=== Section Start ===

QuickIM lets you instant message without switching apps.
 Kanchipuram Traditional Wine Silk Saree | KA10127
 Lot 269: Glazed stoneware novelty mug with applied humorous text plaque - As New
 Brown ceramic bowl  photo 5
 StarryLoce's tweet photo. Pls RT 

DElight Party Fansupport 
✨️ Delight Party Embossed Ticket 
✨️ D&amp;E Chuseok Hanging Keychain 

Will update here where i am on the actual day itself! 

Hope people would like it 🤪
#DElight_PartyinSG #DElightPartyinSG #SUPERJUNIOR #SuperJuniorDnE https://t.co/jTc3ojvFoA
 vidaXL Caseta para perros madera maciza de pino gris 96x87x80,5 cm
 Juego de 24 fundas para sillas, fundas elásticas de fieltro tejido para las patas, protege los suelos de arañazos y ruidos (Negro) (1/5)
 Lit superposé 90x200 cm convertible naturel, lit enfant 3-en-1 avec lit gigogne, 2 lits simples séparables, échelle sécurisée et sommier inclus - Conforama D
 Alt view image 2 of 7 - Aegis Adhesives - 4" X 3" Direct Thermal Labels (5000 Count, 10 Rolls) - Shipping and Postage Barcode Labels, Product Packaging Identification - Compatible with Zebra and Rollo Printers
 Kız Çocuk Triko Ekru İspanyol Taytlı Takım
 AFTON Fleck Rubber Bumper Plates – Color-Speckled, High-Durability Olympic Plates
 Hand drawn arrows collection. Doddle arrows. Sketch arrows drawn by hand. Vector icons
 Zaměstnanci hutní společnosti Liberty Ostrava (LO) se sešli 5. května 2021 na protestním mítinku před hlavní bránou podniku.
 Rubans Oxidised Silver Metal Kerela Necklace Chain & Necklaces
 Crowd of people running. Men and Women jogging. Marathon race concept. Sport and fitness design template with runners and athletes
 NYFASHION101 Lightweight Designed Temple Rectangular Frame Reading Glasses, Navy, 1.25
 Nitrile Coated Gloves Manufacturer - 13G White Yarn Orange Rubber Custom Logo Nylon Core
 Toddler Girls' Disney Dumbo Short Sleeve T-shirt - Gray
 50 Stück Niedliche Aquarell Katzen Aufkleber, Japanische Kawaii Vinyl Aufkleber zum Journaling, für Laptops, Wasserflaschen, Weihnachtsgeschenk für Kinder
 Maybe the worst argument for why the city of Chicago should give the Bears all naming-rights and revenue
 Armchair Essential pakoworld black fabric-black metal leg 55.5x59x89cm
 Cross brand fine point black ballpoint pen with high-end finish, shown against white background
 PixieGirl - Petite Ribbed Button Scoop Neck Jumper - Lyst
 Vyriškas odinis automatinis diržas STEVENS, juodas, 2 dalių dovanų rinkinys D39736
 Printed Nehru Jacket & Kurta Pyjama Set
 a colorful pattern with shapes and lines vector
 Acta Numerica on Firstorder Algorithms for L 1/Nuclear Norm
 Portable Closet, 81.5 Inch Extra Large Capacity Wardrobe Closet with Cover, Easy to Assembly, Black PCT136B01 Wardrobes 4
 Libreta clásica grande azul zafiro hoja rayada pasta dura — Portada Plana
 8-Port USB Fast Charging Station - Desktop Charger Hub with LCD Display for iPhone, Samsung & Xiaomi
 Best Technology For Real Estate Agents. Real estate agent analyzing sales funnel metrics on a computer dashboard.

=== Section End ===

Please copy the line holding "Portable Closet, 81.5" and all lines after it to the end of the records, exactly, and nothing else.

(The answer)
 Portable Closet, 81.5 Inch Extra Large Capacity Wardrobe Closet with Cover, Easy to Assembly, Black PCT136B01 Wardrobes 4
 Libreta clásica grande azul zafiro hoja rayada pasta dura — Portada Plana
 8-Port USB Fast Charging Station - Desktop Charger Hub with LCD Display for iPhone, Samsung & Xiaomi
 Best Technology For Real Estate Agents. Real estate agent analyzing sales funnel metrics on a computer dashboard.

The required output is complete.